Required work:
Leaving all pictures out, output exactly and only the line containing "7RLL426 California License Plate" and the lines that follow it to the end of the material below.

The input:
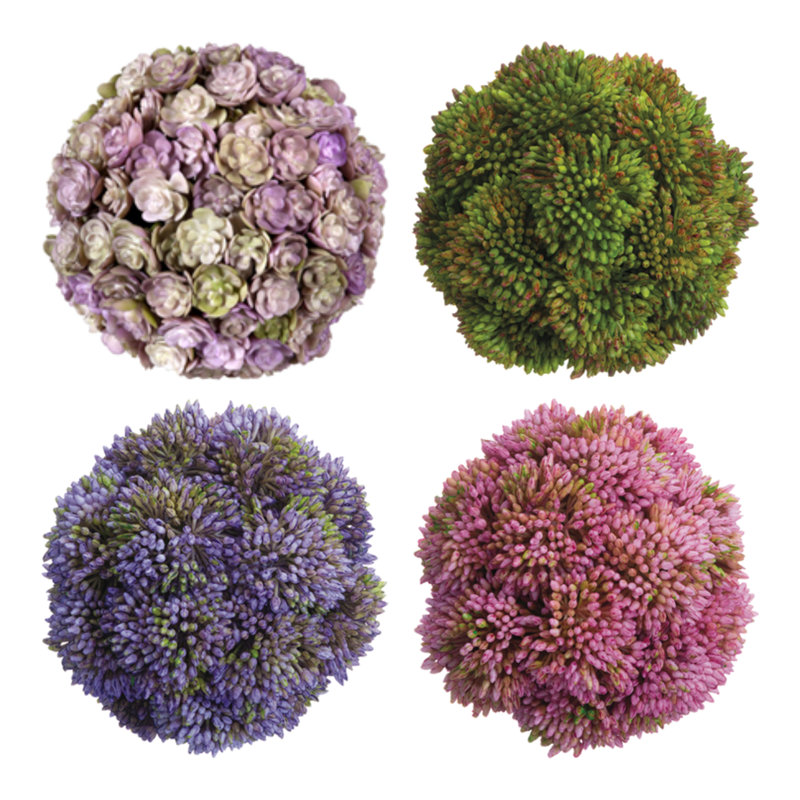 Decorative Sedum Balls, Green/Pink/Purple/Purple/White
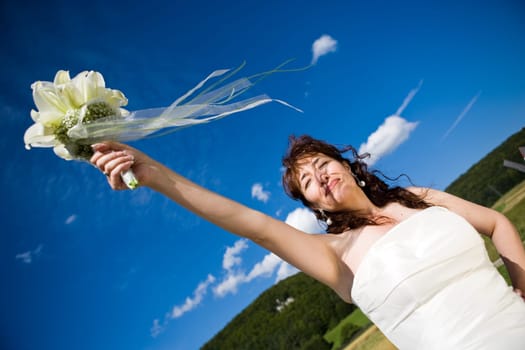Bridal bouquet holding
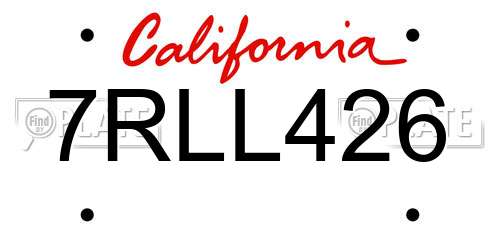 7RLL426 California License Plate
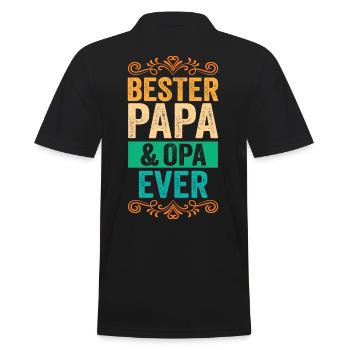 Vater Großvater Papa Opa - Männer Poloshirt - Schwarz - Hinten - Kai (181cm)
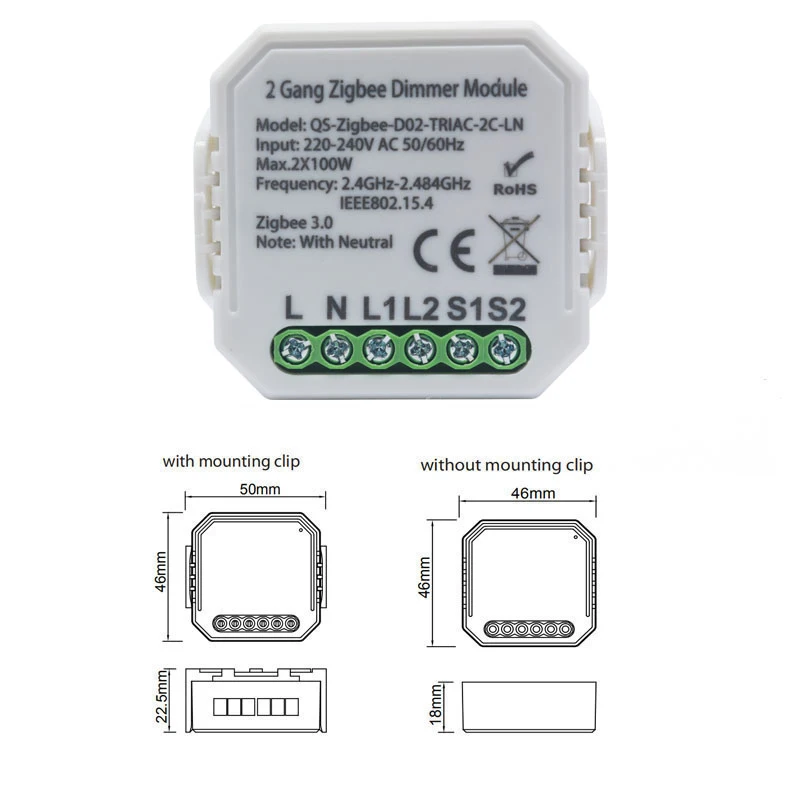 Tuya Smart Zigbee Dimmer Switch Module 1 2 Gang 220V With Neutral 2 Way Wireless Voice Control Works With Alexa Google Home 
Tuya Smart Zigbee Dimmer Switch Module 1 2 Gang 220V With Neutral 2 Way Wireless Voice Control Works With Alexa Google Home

Answer to the problem:
 7RLL426 California License Plate
 Vater Großvater Papa Opa - Männer Poloshirt - Schwarz - Hinten - Kai (181cm)
 Tuya Smart Zigbee Dimmer Switch Module 1 2 Gang 220V With Neutral 2 Way Wireless Voice Control Works With Alexa Google Home 
Tuya Smart Zigbee Dimmer Switch Module 1 2 Gang 220V With Neutral 2 Way Wireless Voice Control Works With Alexa Google Home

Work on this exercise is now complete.